Voices of wisdom

(Dit artikel verschijnt in een Nederlandse vertaling in De Bond van 28 augustus.
Wie niet aangesloten is bij de Gezinsbond en de tekst toch liever in het Nederlands wil lezen, kan mij contacteren op lieve.woordjes@kirstinvanlierde.be)

Tara Mohr is a woman with a calling. She uses her experience in both coaching and business to the benefit of women, whose talents and voices, she feels, are still going unnoticed far too often. We had an inspiring conversation from across the Atlantic.

Mohr: “As early as childhood, I was attuned to where women’s voices were missing. I was sparked by situations where was I being told that I was hearing the whole story, but in truth I was only hearing men’s voices. I noticed that women often had very important insights and ideas to share that somehow weren’t being heard.”
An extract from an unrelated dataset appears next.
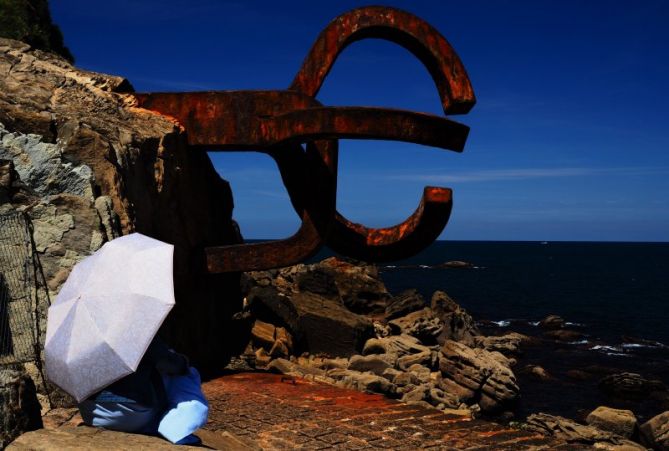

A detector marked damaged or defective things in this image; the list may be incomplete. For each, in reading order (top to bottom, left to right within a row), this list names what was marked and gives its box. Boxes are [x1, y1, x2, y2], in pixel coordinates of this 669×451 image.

red rust patina [132, 6, 474, 272]
rusty metal sculpture [132, 7, 474, 274]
Tara Mohr (c) Margot Duane
                     Tara Mohr (c) Margot Duane

Remarkably, unlike many feminist voices, Mohr takes an inclusive and constructive view towards gender equality, calling all women of this generation the Transition Team.
“I notice a lot of women expressing the frustration that we don’t seem to make any real progress, even though we’ve been working on gender equality for so long. I see this very differently. We don’t often look at our lives in the long historical view and so it’s easy to forget that we’re coming out of a very long past in which patriarchy was deeply entrenched. The world was defined, designed and led by men. We’ve made incredible strides in a very short period of time towards a world more equally defined and led by both women and men, but we truly are still in a transitional moment. Historical and cultural change takes a long time. When we see ourselves as the Transition Team helping us move from one world to another we can have a lot more patience, equanimity and wisdom about all the work that is still to be done.”

Good Student or bitch?

Last year Tara Mohr published a book based on all the social, psychological and spiritual insights she gathered over the years, and her practical experience in coaching. It is a fun read, that confronts readers willing to dive into their inner lives with a number of very recognizable yet mostly unconscious strategies we use to shrink out of things we actually deeply desire. Some are immediately familiar, like the Inner Critic (the ever critical voice in our heads talking us out of doing something), others are somewhat surprising, like the ways in which we sometimes forget to check our heartfelt project with the reality of what our audience or customer wants, or the different vocabulary used by women and men. In Playing Big Mohr doesn’t only offers insights, she also shares a richly filled basket of tips and tricks on how to get out of the patterns of fear and stuckness, or unproductive ways of dealing with criticism and praise.
The book is written specifically with women in mind, although the insights it offers are in fact universal.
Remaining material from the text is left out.